A caveira de cristal mais famosa da cultura pop com certeza é aquela do quarto filme da franquia Indiana Jones, subtitulado “e a Caveira de Cristal”. Alerta de spoiler do filme: o filme revela que as caveiras de cristal pertencia ao esqueleto de um alienígena. Alerta de spoiler da vida real: as caveiras de cristal que realmente existem em museus ao redor do mundo não são de alienígenas. Mas acho que vocês já imaginavam isso, né?

Durante os séculos XIX e XX uma série de artefatos feitos em quartzo leitoso, quartzo hialino e quartzo leitoso, os quais imitavam crânios humanos, foram vendidos para museus em todo mundo. A hipótese das pessoas que vendiam estes crânios era de que eles eram provenientes de sítios arqueológicos de sociedades pré-colombianas da Meso-América.

No entanto, tais crânios sempre foram questionados, desde as primeiras tentativas de venda para alguns museus que não quiseram aceitar os tais artefatos em suas coleções. Afinal, as escavações das quais estes crânios eram provenientes não haviam sido bem documentadas. Alguns museus, como o Smithsonian nos EUA, acabaram recebendo as caveiras de cristal em suas coleções, mas logo trataram de expô-las como “falsas”.
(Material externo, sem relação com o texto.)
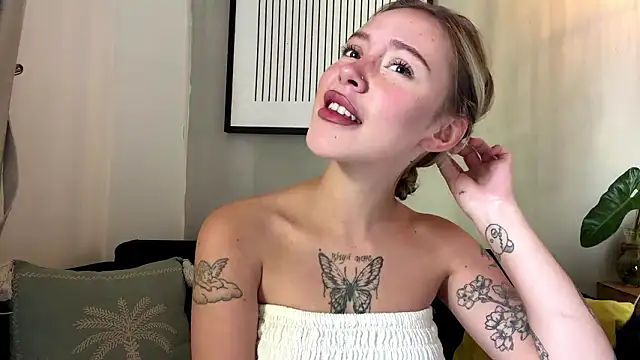 MartinaDeoliveira online show from February 1, 2026, 5:06 am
Uma análise recente liderada por Jane Walsh deu um fim a toda essa história, apontando evidências que confirmam que as caveiras de cristal não foram produzidas em períodos pré-colombianos, e nem tem origem na Meso-América. A análise microscópica revelou que os dentes das caveiras foram polidos por máquinas. Se tivessem sido produzidas manualmente as marcas do polimento mostrariam irregularidades, enquanto uma máquina produz marcas padronizadas, como ranhuras paralelas. Para uma comparação foi usada uma taça feita sob cristal de quartzo proveniente da Meso-América pré-colombiana (uma verídica e bem documentada).

Imagens da análise de microscopia eletrônica. Na esquerda: Imagem do polimento manual, irregular. Na direita: Imagem de um dente da caveira de cristal com polimento de maquina, com marcas regulares. Crédito: British Museum

Intrusão de clorito de ferro encontrado em quartzo proveniente do Brasil ou Madagascar. Crédito: British Museum

Outra evidência que dá um ponto final à essa história é a proveniência da matéria prima utilizada: os quartzos. De acordo com os pesquisadores, as intrusões de clorito de ferro encontradas no meio do quartzo são ocorrências naturais típicas do quartzo encontrado em Madagascar e do quartzo encontrado no BRASIL. Quem diria né? O fato é que na Meso-América o quartzo não apresenta esse tipo de intrusão natural.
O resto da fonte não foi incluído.